Data below:
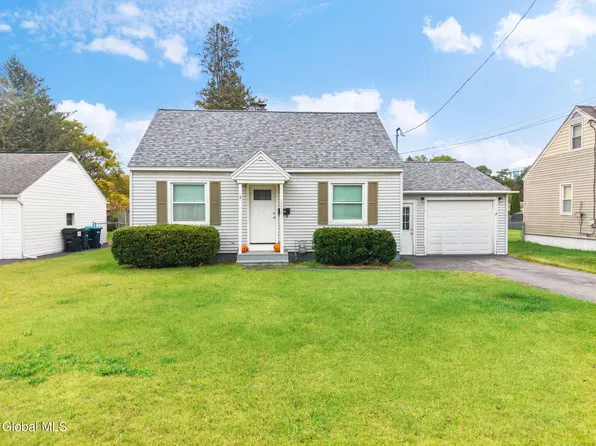 2609 2nd Avenue, Schenectady, NY 12303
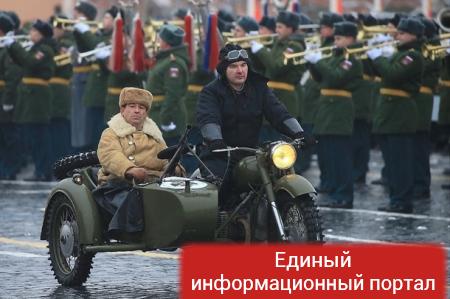 В Москве прошел марш в честь парада 1941 года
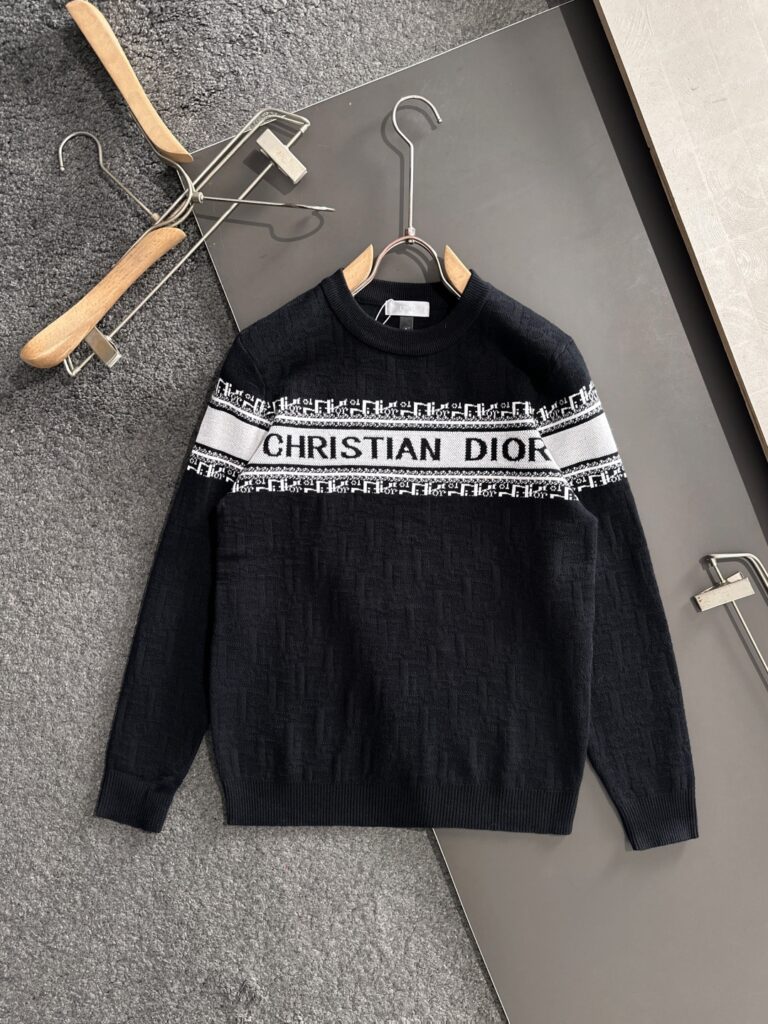 ディオール「Dior」秋冬ウールの丸ネックニットセーター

Problem requirements:
Could you restate all of the data above word for word and skip every picture?

Answer area:
 2609 2nd Avenue, Schenectady, NY 12303
 В Москве прошел марш в честь парада 1941 года
 ディオール「Dior」秋冬ウールの丸ネックニットセーター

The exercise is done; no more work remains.